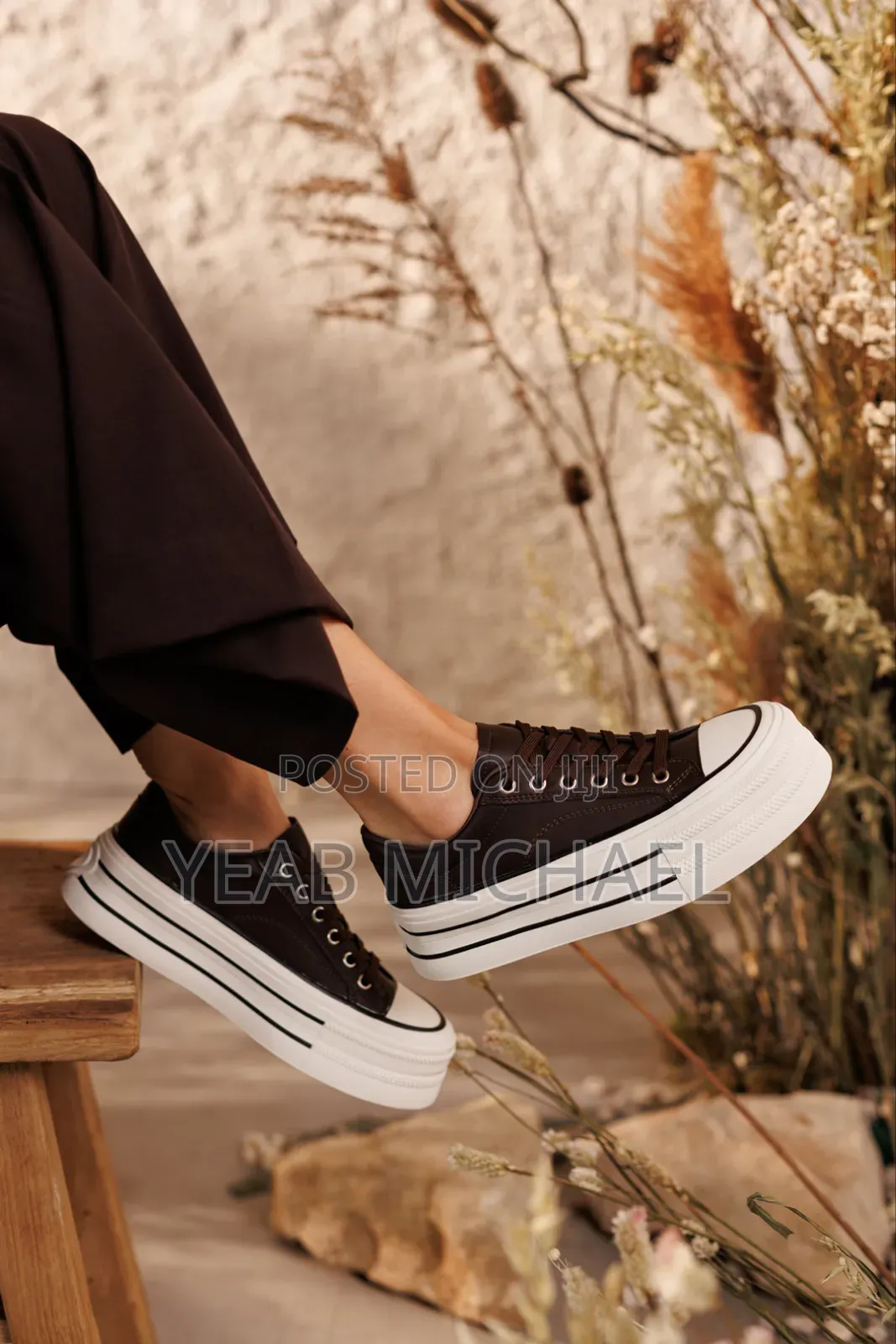 Ladies Sneakers Shoes Orignal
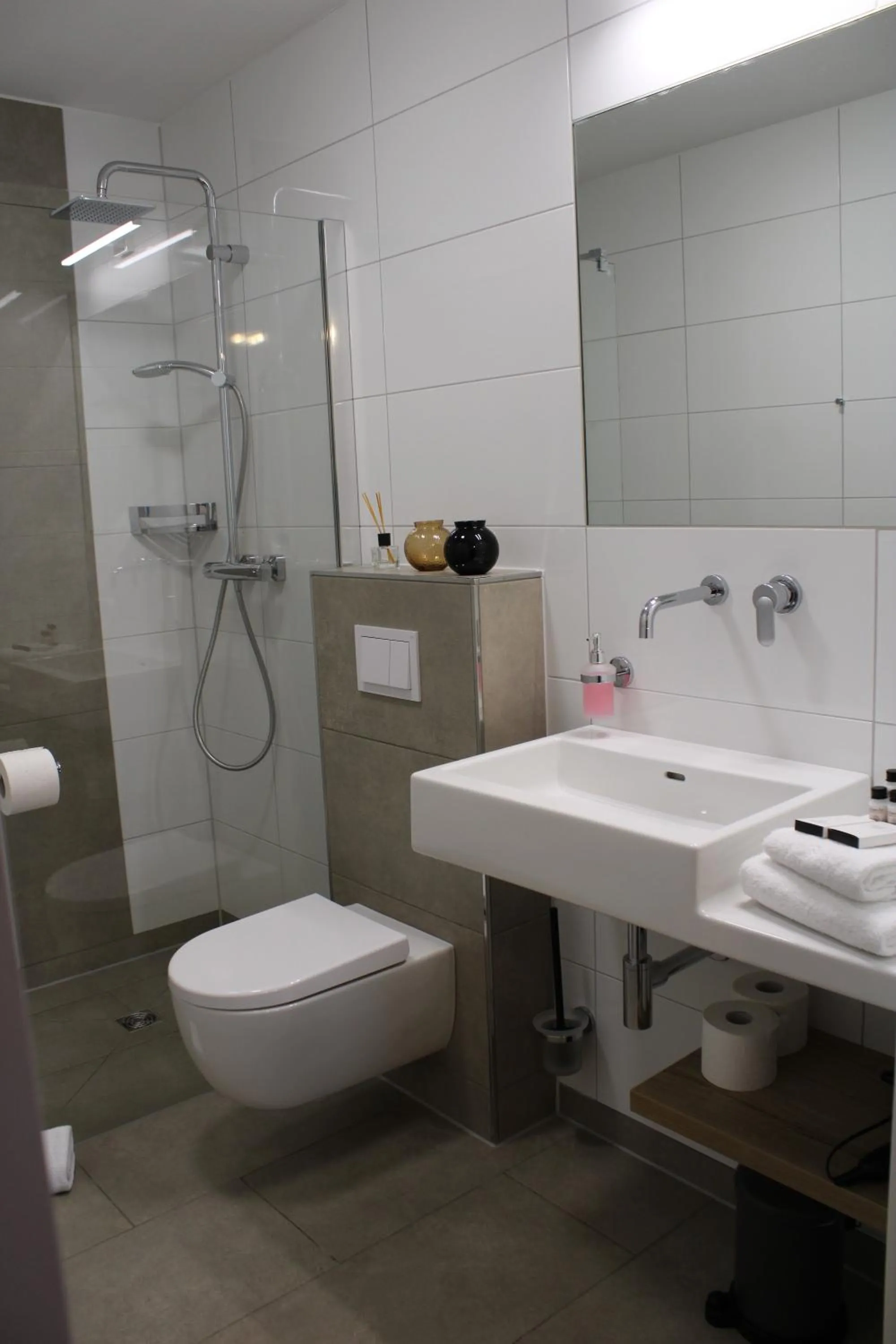 Shower in Motel Hasetal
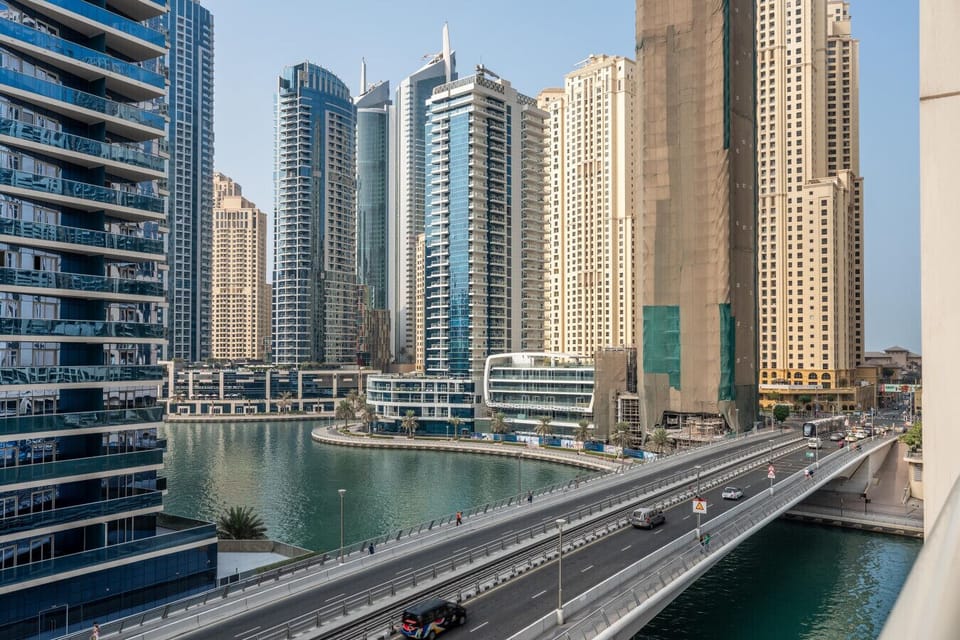 Premium Apartment, 1 Bedroom, Balcony, Canal View | Lake view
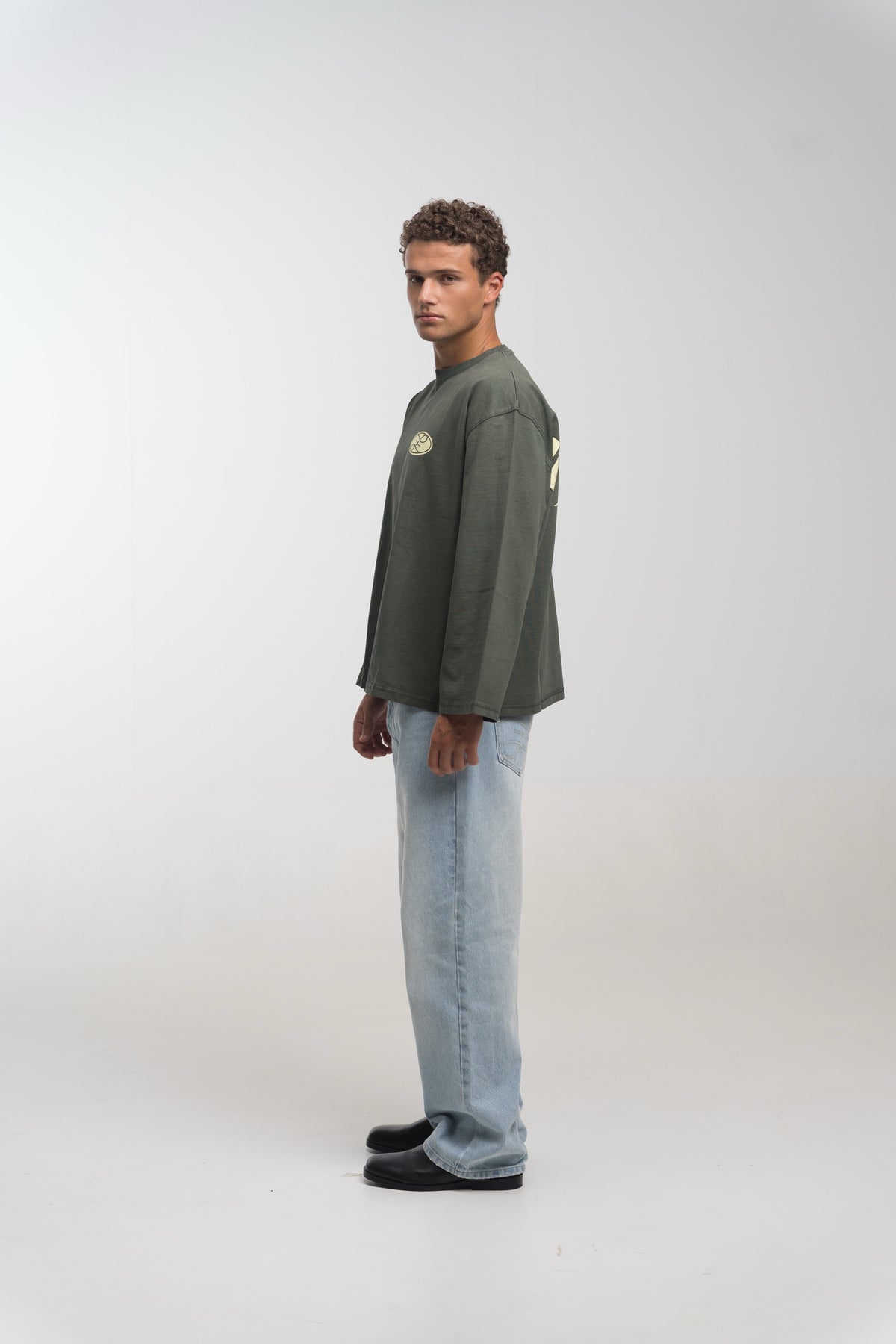 OLIVE PENNANT LONGSLEEVE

◆ ◆ ◆ ◆ ◆ ◆ ◆

- [Problem to solve]: In the data above, find the line with "Premium Apartment, 1" and repeat it and every line after it through the end, exactly; leave the pictures out.

- [Solution to this exercise]:
 Premium Apartment, 1 Bedroom, Balcony, Canal View | Lake view
 OLIVE PENNANT LONGSLEEVE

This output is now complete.